Jornalista. No futebol, beleza é fundamental


Além da justa vitória do Corinthians e da pálida apresentação do Flamengo, há um debate que não pode ser perdido após o clássico do último domingo. Normalizar algumas cenas que marcaram um encontro tão nobre do futebol brasileiro é ignorar o compromisso com a construção de um ambiente melhor em torno do jogo.

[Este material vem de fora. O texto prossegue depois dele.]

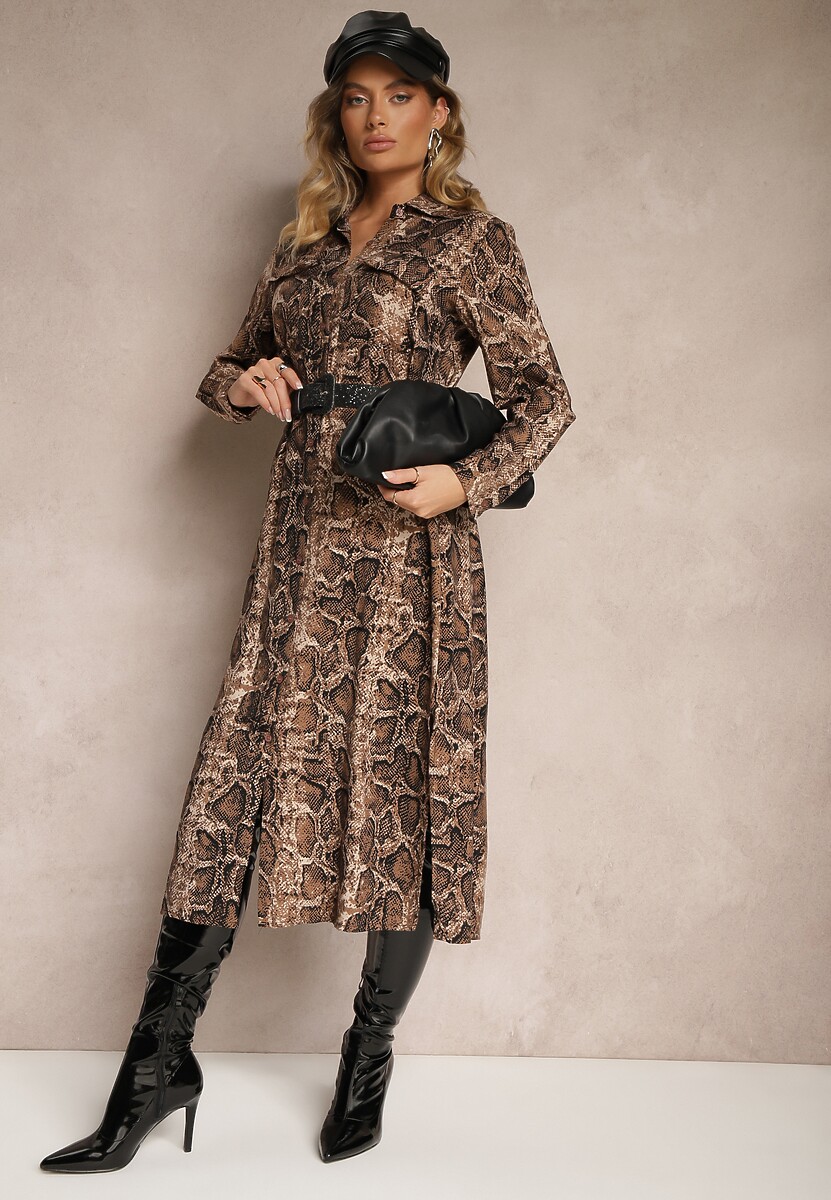 Brązowa Sukienka z Wiskozy o Koszulowym Kroju z Paskiem Zdobiona Wężowym Printem Norinna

Um Corinthians x Flamengo, de acordo com números de uma pesquisa de torcida publicada aqui no GE há pouco mais de 10 dias, é um jogo que interessa a 35% dos brasileiros. Ainda que se admita que nem todo este contingente siga todas as partidas dos dois clubes ou tenha tamanho interesse por futebol, é possível ter uma dimensão do alcance de um jogo assim. O clássico deveria ser tratado como uma ocasião especial, uma espécie de propaganda institucional do futebol brasileiro.

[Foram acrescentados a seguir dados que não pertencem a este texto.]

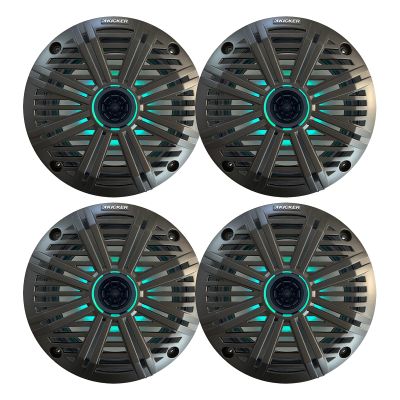 KICKER 6.5" 195 Watt Peak Power Marine OEM Replacement RGB Multicolor LED Boat Audio Speakers (Qty 4) with Charcoal Salt Water Grilles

Após expulsão de Yuri Alberto, jogadores de Flamengo e Corinthians brigam em campo

Após expulsão de Yuri Alberto, jogadores de Flamengo e Corinthians brigam em campo

Mas após um jogo que durou 115 minutos e 10 segundos, qualquer pessoa com interesse mediano pelo tema, mas que tenha decidido acompanhar o clássico mais popular do país, provavelmente desligou a televisão com a sensação de que viu mais demonstrações de brutalidade, hostilidade, falsa macheza, tentativas de burlar as regras do jogo ou tirar vantagem a qualquer custo. Em resumo, muito pouco de futebol se extrai daquelas quase duas horas de partida. De acordo com um levantamento feito pelo Seleção Sportv, após o Corinthians fazer 2 a 1, aos 14 minutos do segundo tempo, houve mais de 20 minutos de bola parada no jogo. Ou seja, dos 31 minutos restantes de tempo regulamentar, mais os 15 de acréscimos, a bola não rolou por quase metade deste tempo.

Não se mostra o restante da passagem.